Z reguły rozczarowany odmową klient musi dopiero wejść na drogę sądową, by dochodzić swojego. Tak było w tysiącach przypadków w 2024 r., a rezygnacja BNP Paribas z walki sądowej to chlubny wyjątek. Statystyki pokazują zresztą, że banki wciąż wygrywają większość spraw w sądach – np. Bank Millennium do końca 2024 r. prawomocnie wygrał 106 z 124 zakończonych procesów o SKD, a BNP Paribas chwalił się korzystnymi rozstrzygnięciami w 92% z 133 wyrokówzapadłych na jego rzecz. Nic dziwnego, że instytucje finansowe wolą swojej racji dochodzić przed sądem, niż przyznawać ją klientom od razu.

Z perspektywy klientów obraz wygląda jednak inaczej: coraz więcej osób wnioskuje o pomoc w sporach z bankami i szuka sprawiedliwości. Rzecznik Finansowy odnotował w zeszłym roku nagły wzrost spraw związanych z sankcją kredytu darmowego – w 2024 r. wpłynęło do biura RF 901 wniosków dotyczących właśnie tego zagadnienia (stanowiły one przytłaczającą większość wszystkich skarg na kredyty konsumenckie).

To pokazuje, jak duże jest społeczne zainteresowanie tematem i ilu kredytobiorców czuje się poszkodowanych konstrukcją swoich umów. Banki tłumaczą się, że to skutek działań agresywnych kancelarii odszkodowawczych, które zachęcają klientów do pozwów, ale niezależnie od przyczyn – fala roszczeń rośnie i staje się faktem rynkowym, z którym sektor finansowy musi się zmierzyć.

Przełom czy wyjątek od reguły?

Powróćmy do pytania zasadniczego: czy ustępstwo BNP Paribas to zapowiedź zmiany strategii banków, czy raczej jednorazowy wybryk? Opinie są podzielone. Z jednej strony rok 2024 pokazał bankom skalę problemu – liczba spraw o SKD eksplodowała, co niektórych mogło skłonić do refleksji, czy twarda obrona każdego pozwu ma sens.
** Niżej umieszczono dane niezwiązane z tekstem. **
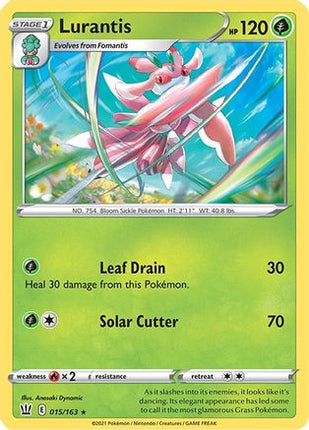 Lurantis - 15/163 [SWSH05: Battle Styles]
Z drugiej strony, dotychczasowe podejście instytucji finansowych było jednolite: walczyć do końca. Banki wygrywają większość potyczek sądowych, więc trudno oczekiwać, by nagle masowo zaczęły poddawać się bez walki. Przypadek BNP Paribas może być po prostu efektem indywidualnej oceny – być może stwierdzono, że błąd w umowie jest na tyle oczywisty, iż proces byłby z góry skazany na porażkę banku. Możliwe też, że zadziałał tutaj autorytet Rzecznika Finansowego: oficjalne stanowisko tej instytucji mogło przekonać bank, że lepiej odpuścić i uniknąć precedensowego wyroku, który mógłby zachęcić kolejnych klientów.

Na razie brak sygnałów, by inne banki poszły w ślady BNP Paribas i zaczęły honorować sankcję darmowego kredytu bez sądu. Wręcz przeciwnie – sektor bankowy aktywnie lobbuje za zmianą prawa, by złagodzić dla siebie skutki art. 45 ustawy. Już w połowie 2024 r. Związek Banków Polskich proponował, by wprowadzić coś w rodzaju “sankcji kredytu półdarmowego”: np. obniżenie odsetek tylko o połowę za uchybienia informacyjne zamiast całkowitego zniesienia odsetek, ograniczenie katalogu błędów, za które grozi sankcja, tylko do najpoważniejszych, czy zakaz cesji roszczeń z tytułu SKD na firmy windykacyjne. Innymi słowy, banki szukają sposobu, by rozbroić tę bombę z opóźnionym zapłonem, zanim wybuchnie ona im w rękach na dobre. Komitet Stabilności Finansowej w marcu 2025 r. również uznał, że masowe korzystanie z SKD zaczyna stanowić ryzyko systemowe dla krajowego rynku finansowego – tak poważnie instytucje traktują perspektywę lawiny „darmowych” kredytów. Wszystko to wskazuje, że zamiast ugodowego podejścia do pojedynczych klientów, sektor raczej szykuje się do zaostrzenia kursu lub zmiany przepisów na bardziej bankocentryczne.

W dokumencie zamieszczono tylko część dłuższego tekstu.